A waste removal and disposal contractor was entitled to indirect costs of administering tipping fees paid to landfill owners and a separate haul out price, according to the Armed Services Board of Contract Appeals, because the contractor's claims were consistent with the contract, as well as the parties' intent and contemporaneous construction. The parties generally agreed tipping fees were not included in the pricing of the firm fixed-price, indefinite-delivery indefinite quantity contract for debris removal, reduction, and management awarded after Hurricane Katrina. At issue was the government's deemed denial of the contractor's claim for profit and general and administrative costs for administering tipping fees.

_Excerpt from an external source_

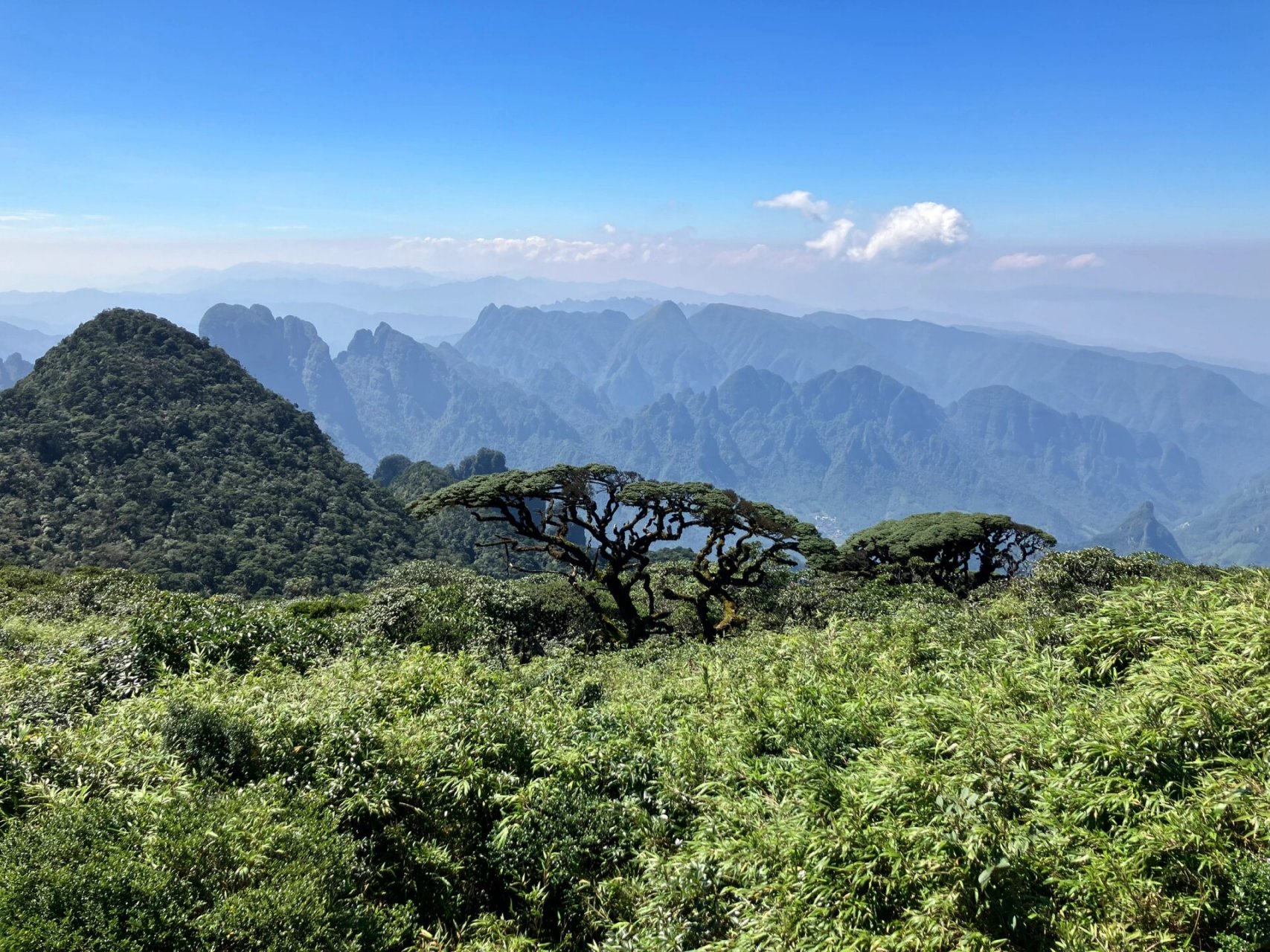 10 月 15 金秀圣堂山一日游  前一天在北帝山还是阴天,很担心爬圣堂山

In addition, the government contended a modification subsumed the contractor's haul out price in the tipping fee charged by one of the landfills.
 
Indirect Costs

With regard to the claim for indirect costs, there was no merit to the government's contention indirect costs were included in the contract pricing as "all costs associated" with "final disposal." A contract provision the government would reimburse tipping fees did not necessarily exclude indirect costs from reimbursement because "reimburse" is not a term of art and has no customary meaning with respect to indirect costs. Consistent with the reimbursement provision, the bidding schedule did not list tipping fees or tipping fee administration as bid items constituting final disposal costs. On the other hand, there was logic to the contractor's assertion tipping fees and associated indirect costs were not known and could not be priced when the contractor submitted its proposal. That the parties construed the contract as permitting recovery of indirect costs for tipping fees was demonstrated by the contracting officer's contemporaneous conduct and not contradicted by bilateral modifications. The modifications were executed near the time the contractor made an oral request for payment of administrative costs and did not contain any waivers or releases of claims. Moreover, the government's subsequent interpretation was unreasonable because, in depriving the contractor of means to recover its administrative costs, it was contrary to the assumption of a reasonable contracting party possessing "ordinary commercial intelligence."
 
Direct Haul Out Costs

The government also denied the contractor's claim for the haul out price for waste disposed at one landfill, contending a modification combined the haul out price and tipping fee in one lower price. The contract provided the fixed haul out price for removal of debris up to 15 miles was "to be used for a minimum basis for negotiations" and, in the event of conflict with a task order, the contract would control. The parties had not negotiated a lower price, and the government drafted the modification based on its erroneous conclusion a lower price in a final disposal plan referred to the total unit disposal price rather than only the tipping fee. In the aftermath of Katrina, contract documents were exchanged rapidly, and the contractor did not notice the error before executing the modification. The contractor subsequently identified the drafting error, but the contracting officer refused to fix it based on the misconception "haul out" required physically leaving the disposal site. The contractor, however, was entitled to the contract haul out price in addition to the tipping fee because the modification was based on the government's unreasonable, erroneous assumptions, did not reflect a meeting of the minds and the parties' intent, and produced a task order that conflicted with the contract's minimum unit price. (AshBritt, Inc., ASBCA, ¶92,520)
 

(The news featured above is a selection from the news covered in the Government Contracts Report Letter, which is published weekly and distributed to subscribers of the Government Contracts Reporter. )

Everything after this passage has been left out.